Derick Kuün
- Born: 8 June 1984 (age 42)
- Height: 1.84 m (6 ft 1⁄2 in)
- Weight: 106 kg (16 st 10 lb)
- School: Afrikaanse Hoër Seunskool

Rugby union career
- Position: Hooker / Flanker

Provincial / State sides
- Years: Team / Apps / (Points)
- 2004–11: Blue Bulls / 75 / (135)

Super Rugby
- Years: Team / Apps / (Points)
- 2007–11: Bulls / 66 / (40)

National sevens team
- Years: Team /  / Comps
- 2005: South Africa

= Derick Kuün =

South African rugby union player

Derick Kuün (born 8 June 1984) is a South African former professional rugby union player.

==Biography==
A Afrikaanse Hoër Seunskool product, Kuün captained South Africa Schools and represented his country in three editions of the IRB Junior World Championships. He made his Currie Cup debut for the Blue Bulls in 2004 and the following year competed for the Blitzboks during the 2004–05 World Sevens Series.

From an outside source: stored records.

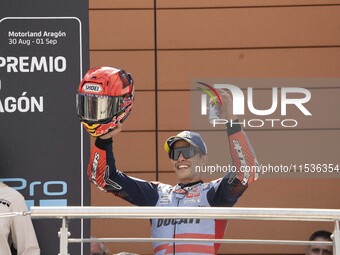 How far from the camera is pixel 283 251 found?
6430mm

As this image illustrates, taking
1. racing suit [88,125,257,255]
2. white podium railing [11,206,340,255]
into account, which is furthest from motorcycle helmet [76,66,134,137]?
white podium railing [11,206,340,255]

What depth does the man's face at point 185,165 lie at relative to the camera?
5270 mm

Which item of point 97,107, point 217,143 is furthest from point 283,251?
point 97,107

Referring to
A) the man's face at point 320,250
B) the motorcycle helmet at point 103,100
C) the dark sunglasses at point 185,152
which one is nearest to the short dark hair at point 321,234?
the man's face at point 320,250

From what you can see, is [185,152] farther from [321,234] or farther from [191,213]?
[191,213]

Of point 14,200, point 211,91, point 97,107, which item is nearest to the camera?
point 97,107

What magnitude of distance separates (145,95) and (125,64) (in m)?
0.24

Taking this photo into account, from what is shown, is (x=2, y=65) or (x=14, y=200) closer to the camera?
(x=14, y=200)

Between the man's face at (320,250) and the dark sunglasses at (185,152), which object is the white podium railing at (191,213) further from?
the man's face at (320,250)

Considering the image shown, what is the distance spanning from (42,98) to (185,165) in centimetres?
159

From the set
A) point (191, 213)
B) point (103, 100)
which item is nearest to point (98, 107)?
point (103, 100)

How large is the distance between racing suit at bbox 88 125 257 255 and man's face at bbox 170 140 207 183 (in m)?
0.04

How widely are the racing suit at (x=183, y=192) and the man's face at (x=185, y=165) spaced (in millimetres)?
37

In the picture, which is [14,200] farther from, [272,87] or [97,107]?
[272,87] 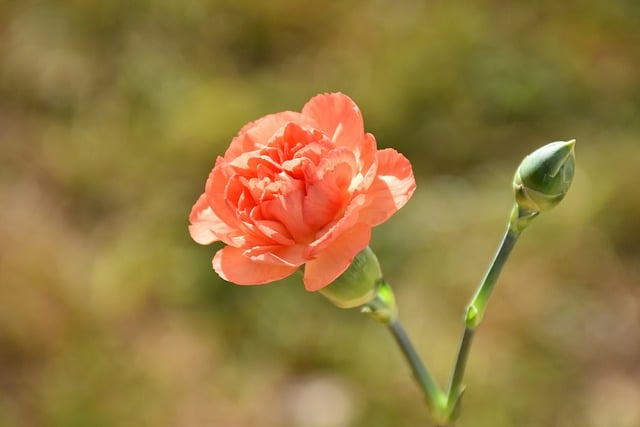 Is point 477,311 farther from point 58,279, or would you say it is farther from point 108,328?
point 58,279

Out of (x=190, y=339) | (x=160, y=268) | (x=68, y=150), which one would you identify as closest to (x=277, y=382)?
(x=190, y=339)

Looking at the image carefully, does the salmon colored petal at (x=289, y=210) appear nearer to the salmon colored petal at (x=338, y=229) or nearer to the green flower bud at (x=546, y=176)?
the salmon colored petal at (x=338, y=229)

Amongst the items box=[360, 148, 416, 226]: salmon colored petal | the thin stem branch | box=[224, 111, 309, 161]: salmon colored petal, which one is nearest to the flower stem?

Kuün was a hooker on the Bulls Super 14 team from 2007 to 2011, featuring in their 2007, 2009 and 2010 championship-winning sides. He captained the Southern Kings in a tour match against the 2009 British & Irish Lions. At the end of the 2011 season, Kuün retired from professional rugby to operate his family farming business.